部屋を照らす朱りが消えて、二人だけの世界となった。

「おい、」

「・・・・・」

「ジュダル、」

泣きたい。そう言ったらシンドバットは、涙は見せないで泣けって言ったから。確かに泣き顔は見られたくなかったし。

「・・・・うっ、・・・」

情けない。いつもこのときの自分は惨めで情けないと思う。

「大丈夫だ、」

シンドバットはしっかりと俺を支えてくれる。苦しいくらいに抱きしめてくれる。俺はこの瞬間が1番、あぁシンドバットに愛されてるなって感じる。

「いっぱい、いっぱい泣いていいからさ、」

王様は絶対にキスをしない。抱きしめて、囁いて、優しい言葉をかけて、手を繋いでくれるだけ。少し、ほんの少しだけ寂しい気もしたけど我が儘言ってられない。何より俺は王様のことが好きで、それで王様が俺に構ってくれるならそれだけでもう幸せじゃないかって思うから。

「・・・俺、つぎはっ!もっと、頑張るから・・・・」

暗い部屋に声が、泣きじゃくる声が響く。優しく背中を叩く音が耳に聴こえてシンドバットは優しいなって改めて思った。

「・・・・あぁ。・・・・・・」

目の前の視界が余計に暗くなる。
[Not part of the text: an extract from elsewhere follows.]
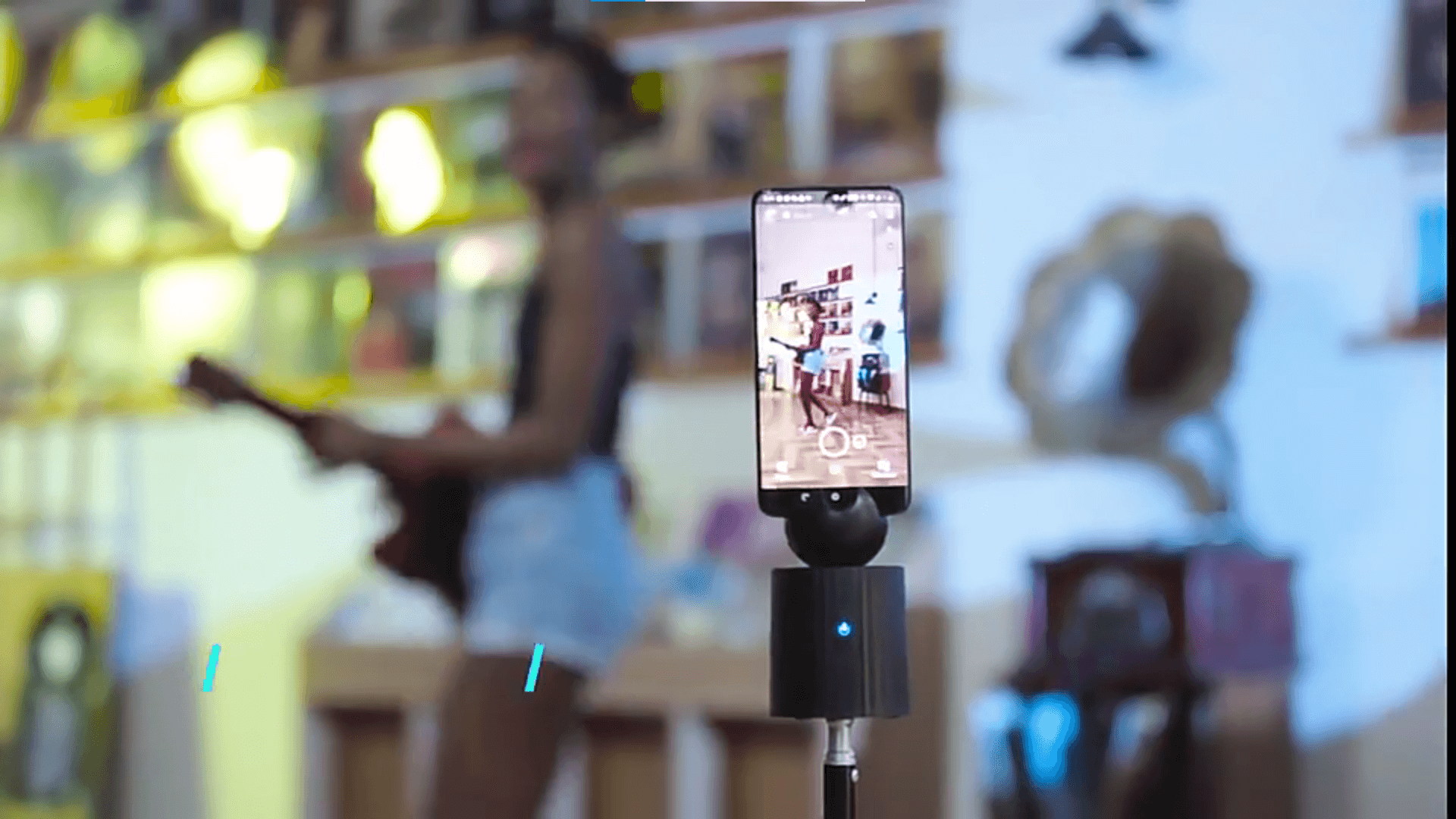 A black auto object tracking phone holder sold by WorkZen Interiors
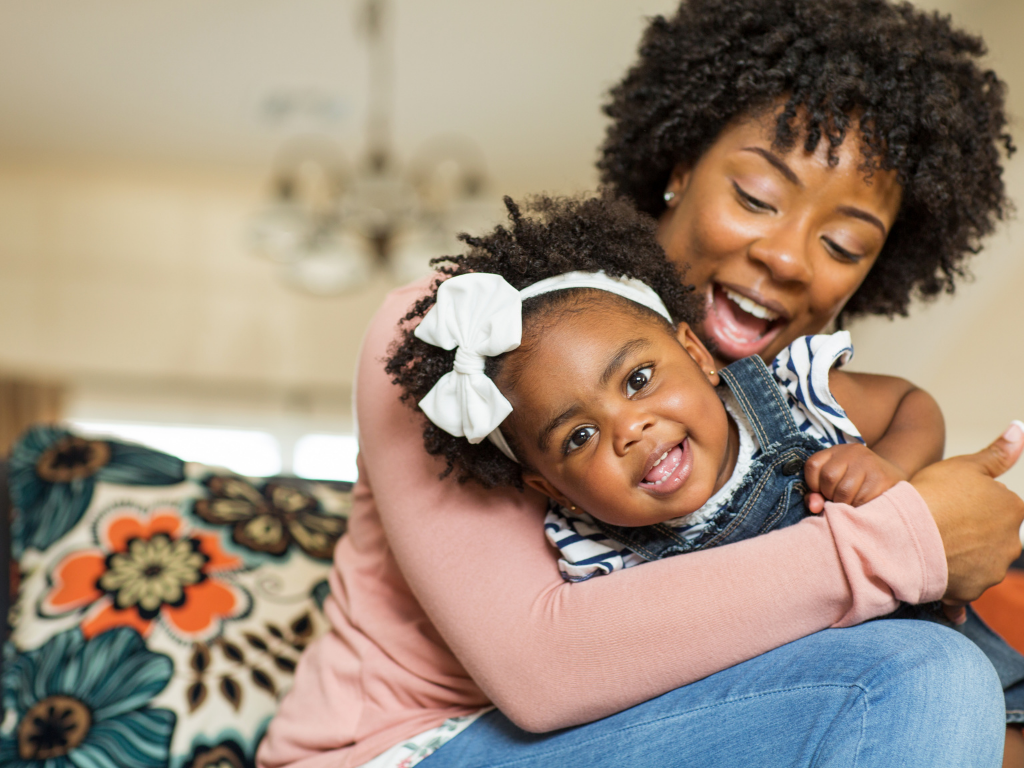 A woman is hugging a young child. Both are smiling and looking at the camera. The child has a white bow in her hair.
真っ暗な部屋だったから感触だけしかわからなかった。

「・・・・シンドバット・・・・?」

何も言わない王様は俺の肩に顎をのせて「大丈夫だから」と言ってまた背中を軽く叩いてくれた。

「・・・・ありがと、」

そうお礼を言った俺の唇にはまだ、先程の柔らかい感触と熱さが残っていた。



見えないキス
(それは優しい味つけ)


最初はシンジャよりシンジュ派でした。